La segunda forma de respuesta a las condiciones de la literariedad esencialista es la formal, que remonta al Romanticismo alemán, según Genette, y que se ilustra con el Simbolismo (desde Mallarmé hasta el formalismo ruso), y cuya tesis es que existe un lenguaje poético distinto del lenguaje prosaico u ordinario. Distinto en ciertas características formales que se suelen identificar con el uso del verso, pero que son fundamentalmente un tipo de uso de la lengua distinto del común. Éste es transparente o tiene una intencionalidad de pasar formalmente desapercibido para mejor vehicular su contenido semántico, su «mensaje», su referencialidad externa. En cambio, el otro usa la lengua como un material sensible, autónomo, no reemplazable por equivalencias (Valéry: la prosa es a la poesía lo que la marcha a la danza. Emplea los mismos recursos, pero sus fines son indisociables de sus actos. El lenguaje poético no debe pasar desapercibido y olvidarse, como el prosaico, en favor del significado). Al término de esta tradición está la noción jakobsoniana de la función poética del lenguaje.

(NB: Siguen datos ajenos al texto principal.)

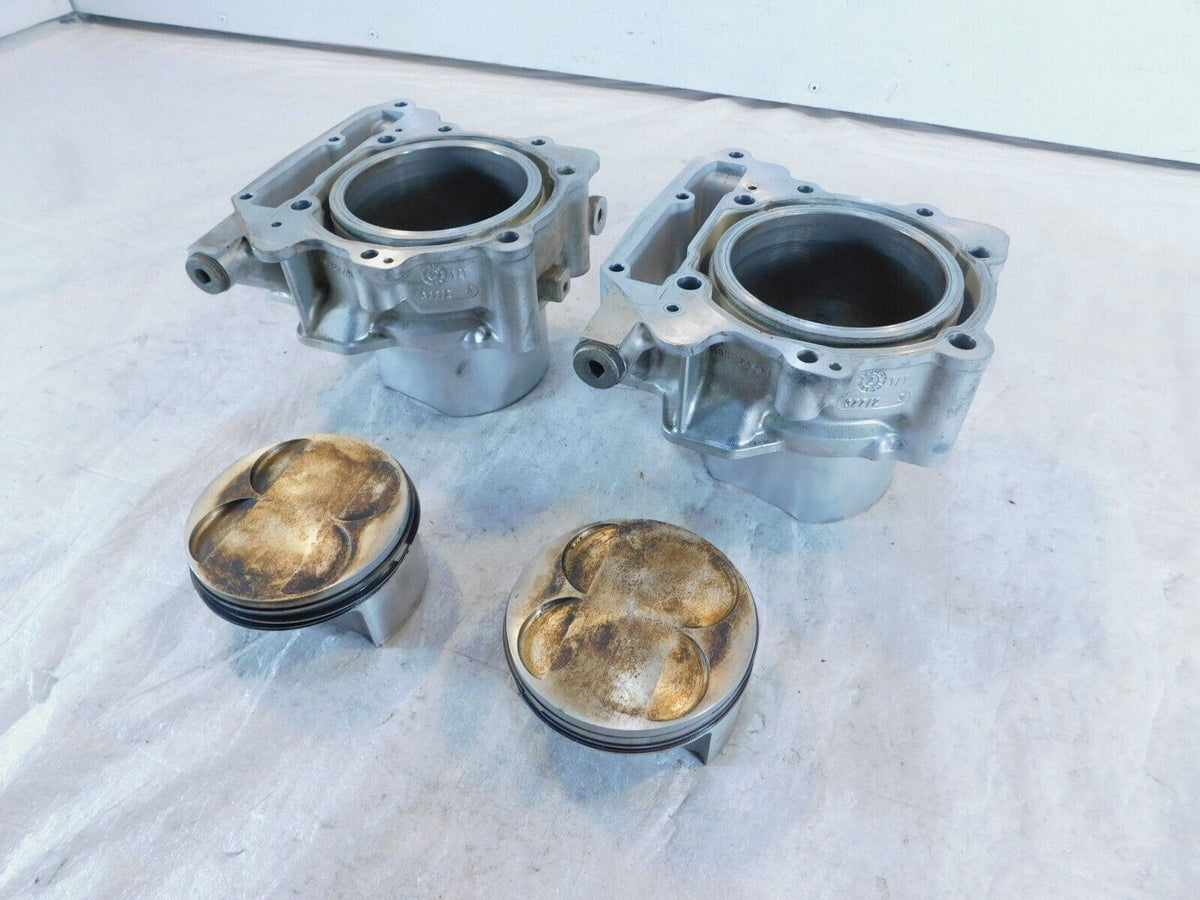 Aprilia RSV Mille RSV1000R 1000 Tuono Front/Rear Cylinder Barrel Jugs & Pistons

Lo que, acto seguido, Genette (pp. 26-27) llama una poética «condicionalista», que busca la literariedad en la satisfacción de ambos criterios (el de ficcionalidad y el de poeticidad), ambos necesarios y, cuando menos el primero, insuficiente, no suele manifestarse, como él subraya, en textos doctrinales. Su principio sería: «Considero literario todo texto que suscita en mí una satisfacción estética». Actitud egocéntrica y elitista, de la que, siempre según Genette, sería ilustración un libro como Plaisir du texte, de Roland Barthes. Para esta poética, una novela no es literatura por el mero hecho de ser ficción. Ha de estar bien escrita, y así la ficcionalidad no sería criterio suficiente para hacer de ella una obra literaria (más lógica hay en esta posición que en la de los esencialistas que, según Genette, rechazan obras de ficción por estar mal escritas). Si no es, pues, el contenido, sino las cualidades formales de la obra (esa reversión de la atención sobre el cómo en lugar del qué) la cuestión se reduce a valorar el esfuerzo «estilístico» del autor (o mejor dicho, sus resultados en el texto). Criterio netamente subjetivo. Y así no es, como dice Genette, que el texto tenga la capacidad de ser «estético» aunque su autor no lo produjera con tal fin, sino que los lectores asumimos la responsabilidad de discriminar entre todos los textos cuáles son literatura y cuáles no. La capacidad pasa del texto (en el objetivismo aristotélico) al lector. Y así, para unos será literatura un texto y para otros no, puesto que no podremos obtener un consenso transhistórico y transcultural de su esteticidad.




5

Afirma Genette que es tentador suponer que cuanto más inútil sea un texto para cualquier función del lenguaje que no sea la estética (polémica, informativa, conativa...) mejor se apreciará su estilo. En el límite, pues, habría «una relación de incompatibilidad entre la actitud estética y la adhesión teórica y pragmática: no se puede convencer y seducir a la vez». Genette se opone a dejarse seducir por esa tentación, siguiendo a Mikel Dufrenne cuando en Esthétique et Philosophie (1980: I, 29) afirmaba que una iglesia podía ser bella aunque siguiera sirviendo para el culto. Lo que no obsta para que sea cierta esa tendencia, constante e incluso creciente a la recuperación estética de textos a los que el paso de los años les ha privado de verdad o de utilidad. Lo que equivaldría a decir que lo estético es lo que queda cuando ya nada más queda. Esto me parece más bien cierto de las estéticas no-verbales (los viejos muebles y utensilios obsoletos se convierten en antigüedades después de haber pasado por la fase intermedia de antiguallas y empiezan a ser objeto de contemplación estética). No deja de parecer un camino peligroso. ¿Qué clase de adhesión es la que «entroniza» las antiguallas en antigüedades? La melancolía del O tempora, más el valor añadido de su rareza, más su inutilidad... En cuanto a la literatura, no veo que se abran sitio nuevas obras de Historia, de Filosofía, tratados científicos, etc., desde que funciona este concepto tan estricto de literatura como arte bella de la palabra. No sólo siguen estando las mismas en el repertorio (en síntesis, todas las obras medievales y del Renacimiento recuperadas cuando se inventa en el siglo XVIII la museística literaria como consecuencia de la institucionalización de la literatura -academias, órganos de prensa, etc.- y que equivalen a cartas de nobleza ancestral para una novedosa invención: la literatura), sino que cada vez hay un mayor desinterés por ellas, en la medida que el trabajo filológico no consigue suscitar adeptos que hagan el indispensable sacrificio de la lectura correcta previa a la obtención de ese placer -supuestamente estético- que se obtiene a la simple contemplación de una armadura medieval o de unas roídas murallas.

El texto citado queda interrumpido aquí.